Dans un premier temps de notre étude, nous retracerons le raisonnement de Robert Nozick, qui se compose principalement en deux moments, à savoir une partie descriptive de l’évolution d’une situation à une autre suivie d’une partie évaluative, c’est-à-dire d’un examen du fait décrit, visant à argumenter en faveur de la justice de ce dernier. Puis dans un second temps, nous tenterons à notre tour d’évaluer la thèse nozickéenne et essaierons de penser à quelles conditions il serait possible de réconcilier la revendication égalitaire de théories de justice distributive avec la liberté.

LE RAISONNEMENT DE ROBERT NOZICK

Avant de commencer à entrer dans le détail de l’exemple de Wilt Chamberlain, prenons le temps d’expliciter un peu le titre de la sous-partie dans laquelle il se trouve, à savoir : «How liberty upsets patterns», que l’on peut traduire aisément par «Comment la liberté renverse les modèles». Le terme de liberté fait référence au droit naturel de l’homme selon lequel il peut disposer de sa personne et de ses possessions comme il l’entend sans avoir besoin de l’autorisation d’aucune autre personne. Plus précisément, il va s’agir ici d’étudier les conséquences pratiques des productions et échanges volontaires de possessions, c’est-à-dire de la libre circulation des biens ou pour le dire en des termes encore plus simples de ce qu’on appelle le libre marché, sur les théories de justice distributive fondées en modèle, c’est-à-dire qui s’expriment sous la forme « À chacun selon son… ».

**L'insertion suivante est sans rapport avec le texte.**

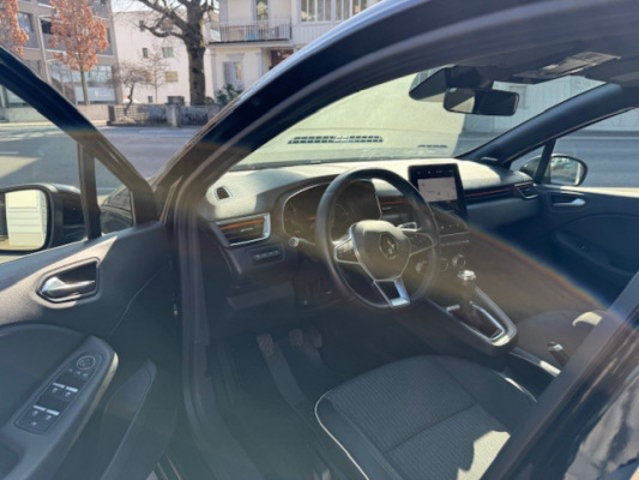 Auto Abo Foto Nummer 5 von 6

Ce que veut remettre en question Robert Nozick ici, c’est la «fausse» évidence avec laquelle les tenants des théories de la justice distributive fondées en modèle prétendent pouvoir rejeter son «entitlement conception of justice in holdings», sa théorie de l’habilitation des possessions, appelée aussi théorie des droits de propriété légitimes. En quoi consiste cette théorie de l’habilitation des possessions ? Elle se résume à trois principes visant à déterminer les droits de propriété légitimes : 1/ le principe de d’acquisition originelle selon lequel chacun a le droit de s’approprier quelque chose qui n’appartient encore à personne, 2/ le principe de transfert selon lequel ce qui a été acquis légitimement selon le premier principe peut être transféré librement si la transaction s’effectue par entente réciproque, 3/ le principe de correction des injustices passées selon lequel les possessions n’ayant pas été acquises suivant l’un ou l’autre des deux premiers principes doivent être réparées. Il faut noter un point important concernant cette théorie : contrairement aux théories de la justice distributive fondées en modèle que Robert Nozick entend remettre en cause, la théorie de l’habilitation des possessions n’est pas fondée par un modèle. Les théories de la justice distributive fondées en modèle sont des théories structurelles, c’est-à-dire qu’elles peuvent dire a priori ce qu’est une situation juste en raison de leur fondation par un modèle. En revanche, la théorie de l’habilitation des possessions est une théorie historique, c’est-à-dire qu’elle ne peut pas dire a priori ce qu’est une situation juste car elle ne peut se prononcer sur la justice d’une situation qu’au regard de la façon dont elle est apparue — elle analyse les faits passés pour juger du présent — et dans le cas particulier de la théorie de l’habilitation des possessions, au regard de si son apparition a bien respecté les deux premiers principes que nous avons définis ci-dessus.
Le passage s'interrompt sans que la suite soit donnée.